En una emotiva jornada, los restos de Mariano Barbieri, el ingeniero asesinado fuera de una heladería en Palermo, fueron inhumados este sábado en el cementerio de San Fernando donde recibirán sepultura.
En una emotiva jornada, los restos de Mariano Barbieri, el ingeniero asesinado fuera de una heladería en Palermo, fueron inhumados este sábado en el cementerio de San Fernando donde recibirán sepultura.
El cortejo fúnebre partió a las 9.34 desde la casa velatorio situada en 3 de Febrero 737, en la localidad bonaerense de San Fernando, donde desde ayer estaban velando el cuerpo del hombre en medio de congoja, dolor y reclamo por justicia.
Ayer, alrededor de las 20, Maricel, viuda del ingeniero; el hermano y el padre de la víctima, sumados a amigos y otros familiares, salieron a la puerta de la casa funeraria con carteles que pedían “#Justicia por Mariano Barbieri” y lo despidieron con aplausos.
Hoy, sus allegados, algunos de ellos con paraguas, llegaron al cementerio en silencio y bajo la lluvia despidieron los restos de la víctima.
"Mariano era un loco lindo que le encantaba la vida, era tan bueno que pensaba que no había maldad, así salió a Palermo a caminar. Fue a hacer una meditación de la luna y terminó apuñalado por un hijo de puta", afirmó la mujer, y agregó: "No tenía nada, tenía un celular de mierda todo roto porque había ido en pantalón y remera".

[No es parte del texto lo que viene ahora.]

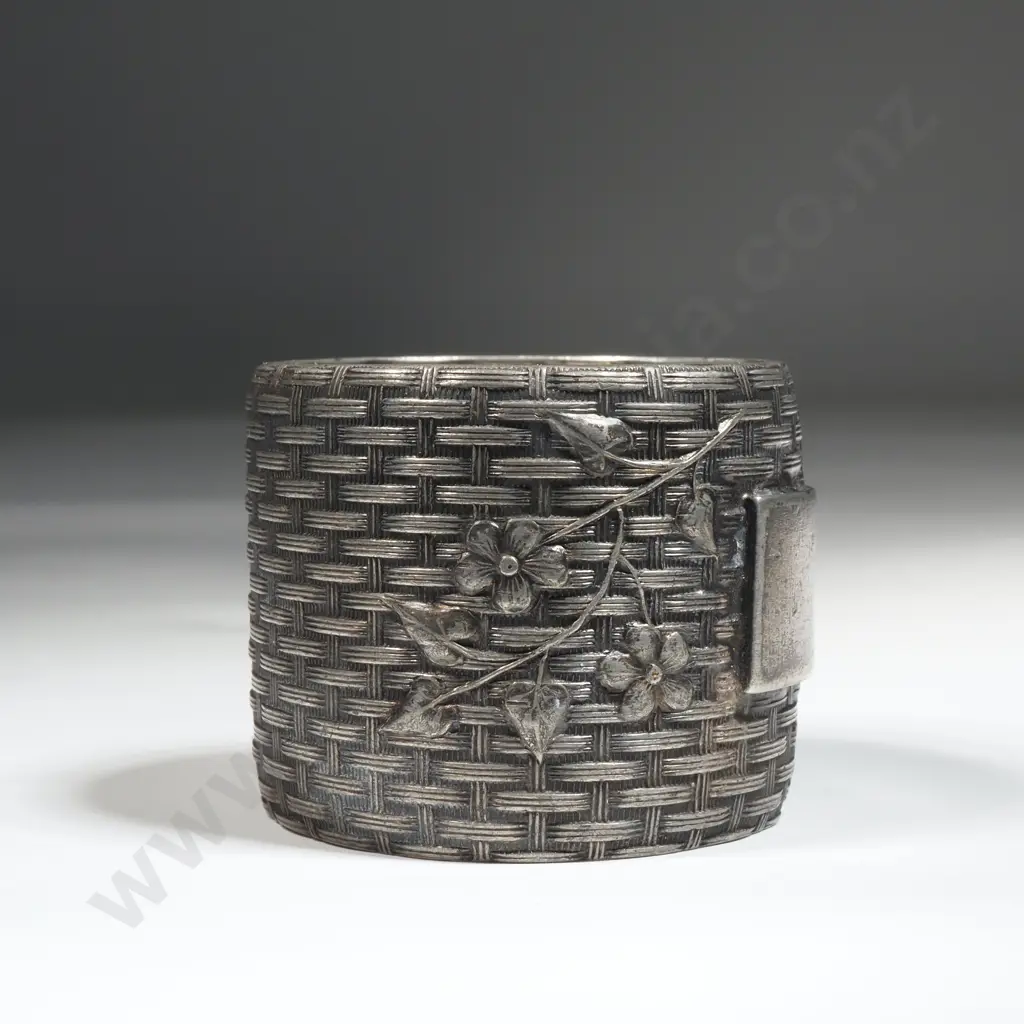 Silver Metal Napkin Ring w Weave Pattern & Blank Cartouche. Image 1++
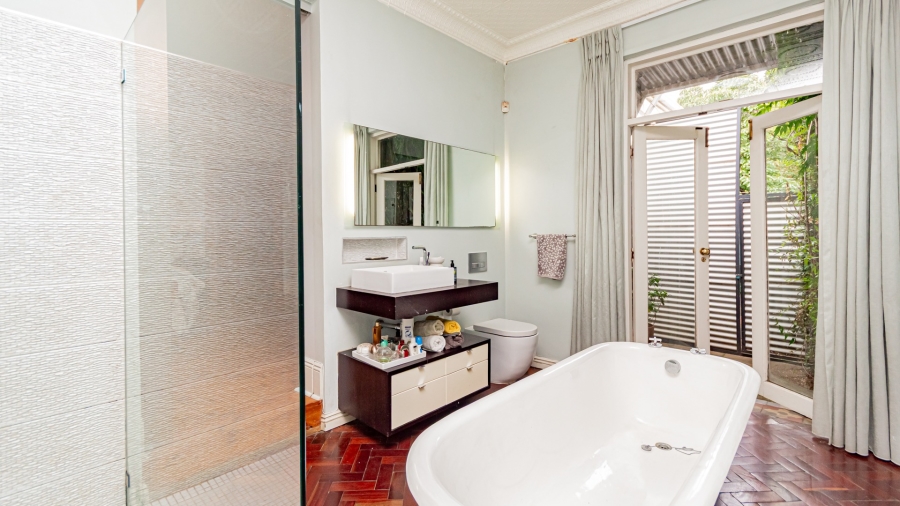 4 Bedroom Property for Sale in Bezuidenhout Valley Gauteng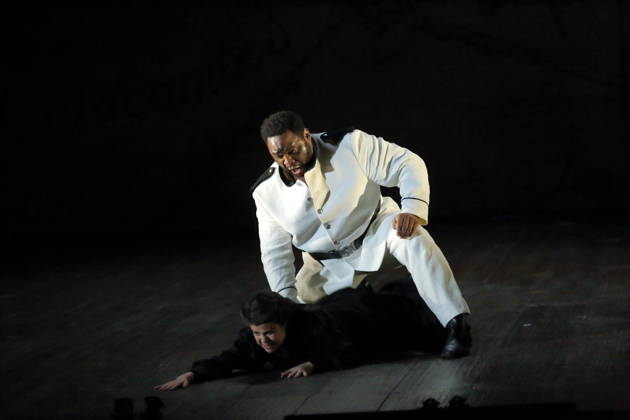 Michael Sumuel (als Achilla) und Stephanie Wake-Edwards (als Cornelia) während der Fotoprobe für Giulio Cesare in Egitto in der Deutschen Oper in Berlin, 22. April 2026. Dramma per musica in drei Akten von Georg Friedrich Händel. Musikalische Leitung Alessandro Quarta. Inszenierung David McVicar. Bühne Robert Jones. Kostüme Brigitte Reiffenstuel. Premiere ist am 25. April 2026. Deutsche Oper Berlin Giulio Cesare in Egitto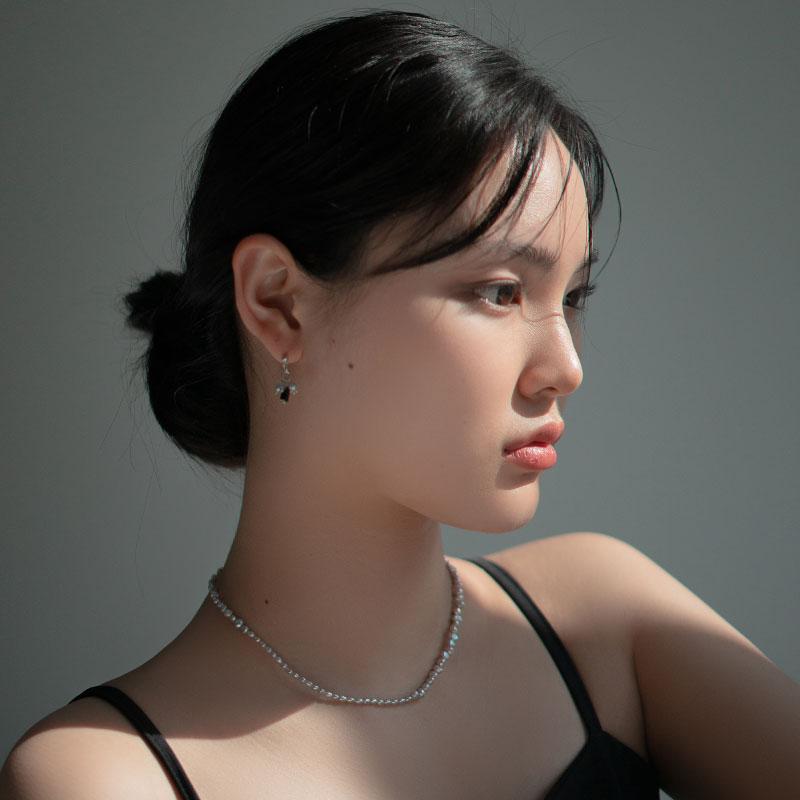 그레이 진주 목걸이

El ataque ocurrió el miércoles cerca de las 22.45 cuando la víctima, fue interceptada por al menos un ladrón en la zona de la Plaza Sicilia, en inmediaciones del Jardín Japonés y a metros del cruce de la avenida Del Libertador y la calle Lafinur.
En circunstancias que aún son materia de investigación, el delincuente aplicó un puntazo que le atravesó el pecho y le perforó una aurícula del corazón, tras lo cual huyó con el teléfono celular de la víctima.
Un vocero judicial detalló a Télam que Barbieri alcanzó a ingresar herido a una heladería de la cadena "Cremolatti", situada justo en el cruce de la avenida del Libertador y Lafinur, donde pidió ayuda a los empleados.
"No me quiero morir", alcanzó a decir Barbieri, según relataron los testigos a los investigadores, tras lo cual les pidió a los empleados que trataran de contactar por redes sociales a una tía para avisarle lo que había ocurrido, aunque no lo lograron.
Los testigos también afirmaron que el herido llegó a contar que una persona le había robado y le había clavado un cuchillo.
El momento quedó registrado en una cámara de seguridad del local en donde se observa cuando el sujeto ingresa y se desploma en el suelo ante la mirada de los empleados y clientes.
Finalmente, falleció producto de la herida recibida. Por su parte, tras el robo el delincuente se dio a la fuga, por lo que es intensamente buscando por la policía.